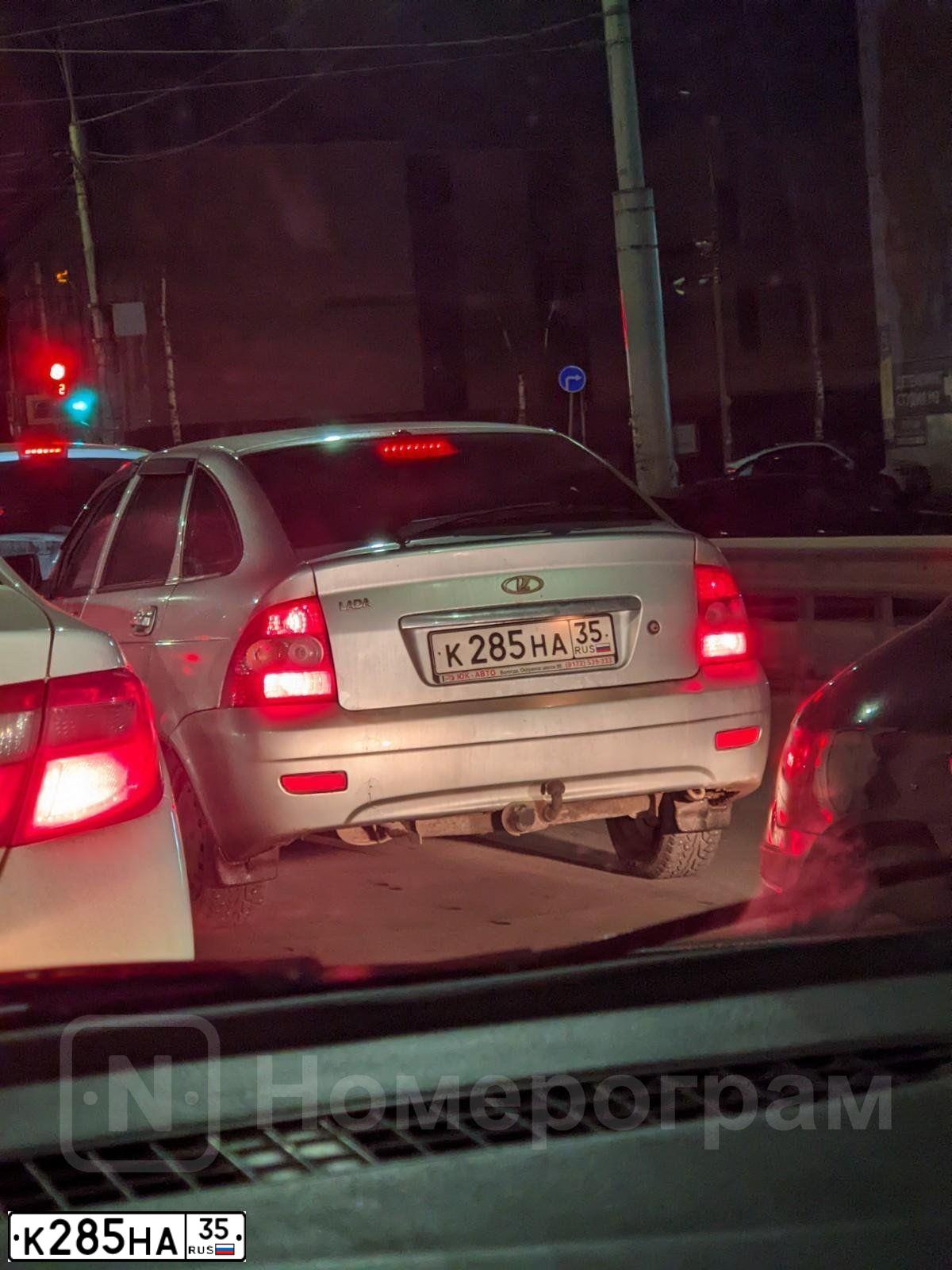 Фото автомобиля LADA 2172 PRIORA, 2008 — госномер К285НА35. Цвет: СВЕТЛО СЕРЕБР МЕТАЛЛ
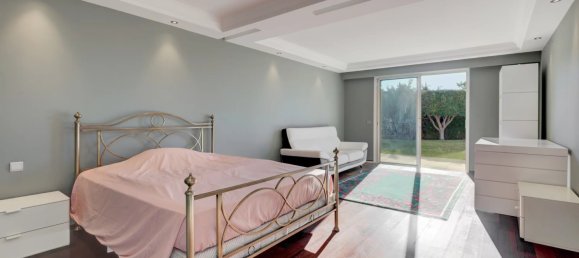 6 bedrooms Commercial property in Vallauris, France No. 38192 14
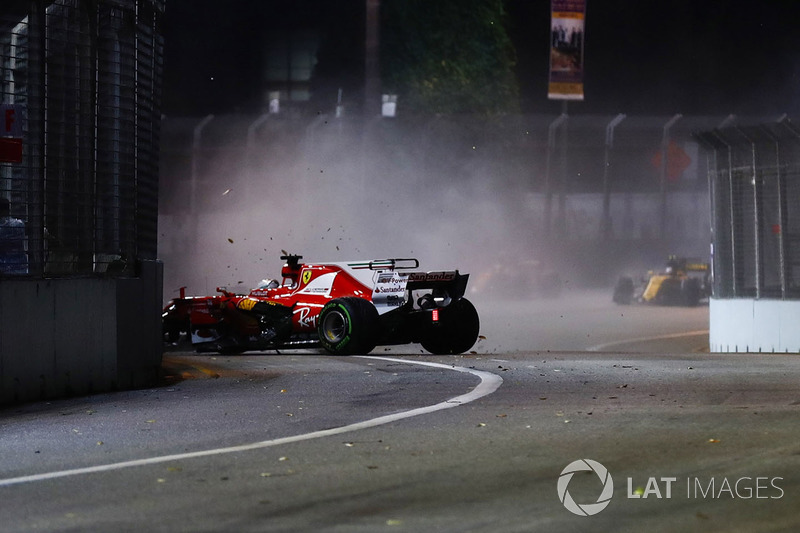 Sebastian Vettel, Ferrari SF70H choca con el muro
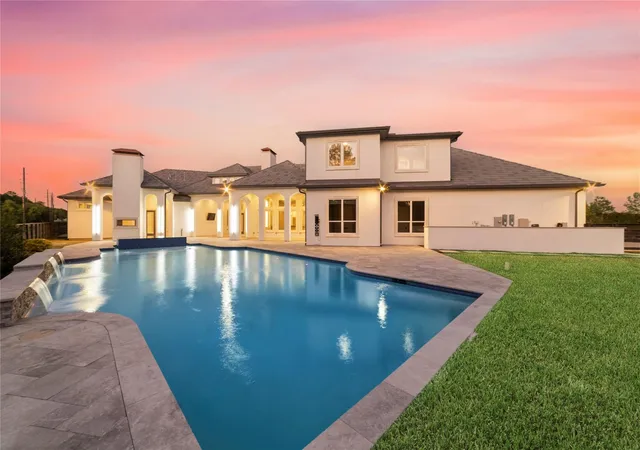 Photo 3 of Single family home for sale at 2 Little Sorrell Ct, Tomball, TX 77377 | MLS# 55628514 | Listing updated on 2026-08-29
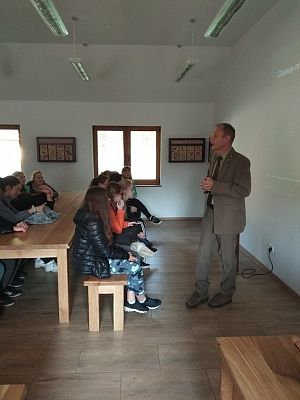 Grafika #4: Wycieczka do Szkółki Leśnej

*Work item*.
Copy exactly, please, the lines that run from the line holding "Sebastian Vettel, Ferrari" through the closing line of the material above, omitting every picture.

*Result for this exercise*.
 Sebastian Vettel, Ferrari SF70H choca con el muro
 Photo 3 of Single family home for sale at 2 Little Sorrell Ct, Tomball, TX 77377 | MLS# 55628514 | Listing updated on 2026-08-29
 Grafika #4: Wycieczka do Szkółki Leśnej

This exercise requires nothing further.